December was a strong month for gold and gold ETFs, but Europe was the driving force behind most of the global ETF gains in 2018, with Brexit concerns and the Eurozone economic slowdown combining to act as a strong motivator for investors to move away from stocks and into alternative opportunities. European-based funds grew by 10% last year – a gain of approximately $4.5 billion – and it was Germany ($2.6 billion) and the UK ($1.7 billion) with the top levels of ETF investment.
Table showing 2018's regional flows for gold-based ETFs. Table courtesy of the World Gold Council.
The figures mean that it’s the first time in six years that total gold-backed ETFs have ended the year above the $100 billion US Dollar threshold, though with the economic outlook a lot less optimistic for 2019 it could be the same story in January 2020.
What are ETFs?
ETF stands for Exchange Traded Fund. This isn’t physical ownership but rather trading similar to that of stocks and shares. ETFs are usually traded on stock exchanges and offer investors an asset or commodity – in this case cold – as well as the flexibility of a stock style trading scheme, complete with the low cost of non-physical ownership.

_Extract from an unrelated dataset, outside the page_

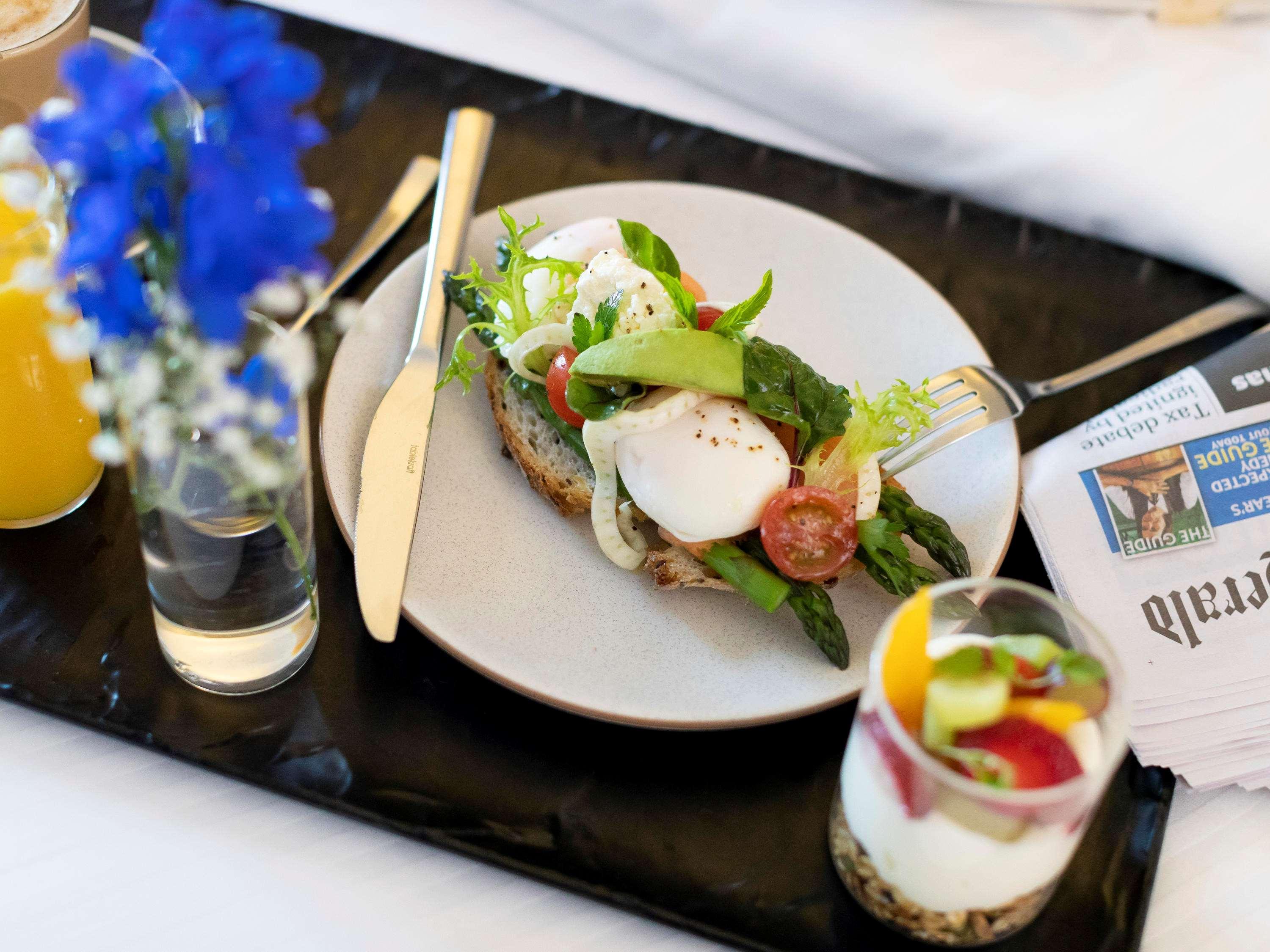 Novotel Sydney International Airport 4*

Late November last year, the LBMA (London Bullion Market Association) began to publish weekly average trading volume data. This is done through a new tool – LBMA-i – and boasts greater transparency of the gold industry.
The LBMA-i figures are based on the London and Zurich markets, and based on the current six or seven weeks of data, the average volume of daily gold trading in the world is around 29 million ounces – the equivalent of $35.8 billion.
Graph showing the average trading levels for gold per day. Chart courtesy of the World Gold Council.
This LBMA platform needs time to generate further data, but by the end of 2019 it could be very interesting to see how the LBMA’s tracking of the global gold market matches up against the World Gold Council’s overview of the global gold-based ETF market, to provide the full picture of gold interest and gold trading around the world.